К Берберовой. Не слишком красиво уйдет.
Прямо скажем – сбежит.
42. БРАСЛЕТ ИЗ ПРОВОЛОКИ (Адрес второй: Невский пр., 15)
Есть в Петербурге дом, который писатели не раз сравнивали с кораблем. «Сумасшедшим кораблем» назвала его все та же Ольга Форш. А юные поэтессы на этот «корабль» молились, считали, что в нем жили чуть ли не боги. «Я была у богов в гостях, – писала двадцатилетняя девчонка, – боги играли Штрауса и ели печенье, и я танцевала среди богов, и лепные купидоны с потолка смотрели на меня»…
Девушку звали Ниной Берберовой, а дом с купидонами – как раз наше здание на Невском. И впрямь похожее на корабль. Но сумасшедший ли? Скорее, город вокруг, опустелый от революций и голода, с трамваями, запутавшимися в собственных проводах, с кострами на перекрестках, у которых пытались согреться рекруты светлого будущего, город, который, по словам Шкловского, как слабый больной, «делал под себя», – он был сумасшедшим. А «дом-корабль», напротив – кипел, бурлил, сверкал и переливался жизнью. Да не просто жизнью – высшими ее формами: литературой, искусством, музыкой.
Диспуты, вечера, концерты, выставки открывались тут чуть ли не ежедневно. Здесь даже выходил свой журнал «Дом искусств». А молодые поэты из гумилевской студии здесь, в зале на втором этаже, играли после занятий в кошки-мышки или валились на пол в кучу-малу. В этом зале под Новый год давали даже бал, на котором мужчины в мятых брюках (в них тогда и спали, не раздеваясь) и «жеваные», по выражению Шаляпина, женщины – беспечно кружились в танцах, улавливая чуткими ноздрями вчерашний уже аромат духов «Убиган» и вспоминая подзабытый французский. Кружились в танцах и кружили голову шампанским, остатки которого, говорят, еще хранились в подвалах хозяина этого дома, два года как сгинувшего на Западе. И об играх студийцев, и о встрече Нового года я еще расскажу. Удивительно другое: Ходасевич, не сговариваясь с Ольгой Форш, тоже назовет этот дом «кораблем», кораблем, назло всем и всему «идущим сквозь мрак, метель и ненастье». На палубе этого «корабля», образно говоря, и разыграется третья, самая большая любовь поэта.

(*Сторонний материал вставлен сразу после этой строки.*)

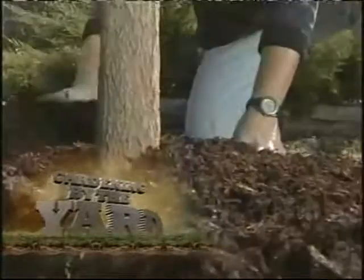Coming up, we'll get bright with white in this monochromatic moon garden. And my picks to keep your trunks in tip-top shape.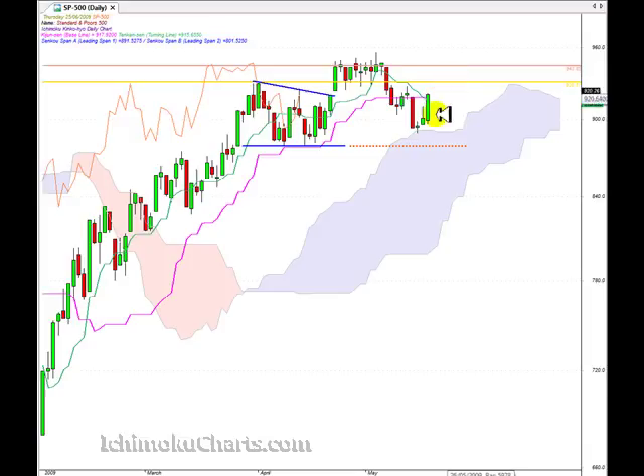Looking at our Ichimoku indicators, we are trading above the cloud, or the Kumo, which means that the market still has a positive bias. We are now trading above both the Tenkan Sen and the Kijun Sen, which means the market is positive — only slightly though, as we have only just crossed above these levels.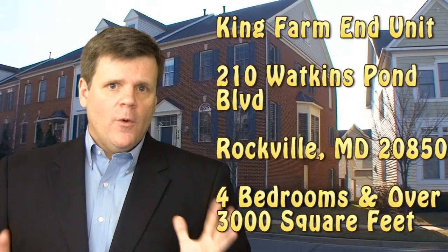Hi, my name is David Powers with Llewellyn Realtors in Rockville, Maryland. Thank you very much for tuning in today. Today's high-definition video walkthrough is for a property I have listed in King Farm at 210 Watkins Palm Boulevard. It's a beautiful four-bedroom end-unit townhouse with a two-car garage that's located near the park in King Farm. It's also located right near the King Farm shuttle bus, which takes you to Metro or to King Farm Village Center or anywhere in the community.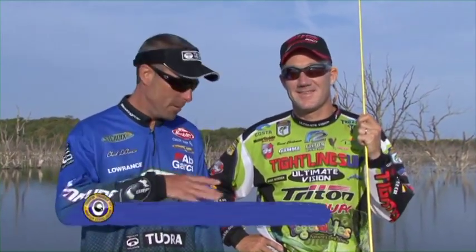Good morning. Welcome to Fishful Thinker. I'm Chad Lachance, and as always, we appreciate you joining us. In the boat today we have a legitimate, sure enough bass pro, a 20-year professional, Mr. Brent Chapman. Brent. Hi, Chad. Great to have us.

В Петроград он приедет, как я говорил уже, с «милым Нюриком», женой Анной Чулковой. Приедет, распродав в Москве даже мебель. А в Берлин отправится уже с Берберовой, бросив молча, без объяснений, тоже «не по правилам», как бросила его первая жена, ту, которую научил когда-то любить небо. «По правилам» его бросит уже в Париже как раз Нина Берберова…
«Та часть дома, в которой я жил, – вспоминал Ходасевич о “доме-корабле”, – когда-то была занята меблированными комнатами… Комнаты, за немногими исключениями, отличались странностью формы. Моя, например, представляла собой правильный полукруг». В Дом искусств (так официально назывался наш «корабль») писателей, художников, артистов селили по распоряжению Горького. И поэт, который от Горького не вылезал (а его племянница, художница Валентина Ходасевич, вообще в эти годы жила в квартире Буревестника), легко, конечно, получил ордер на комнату здесь.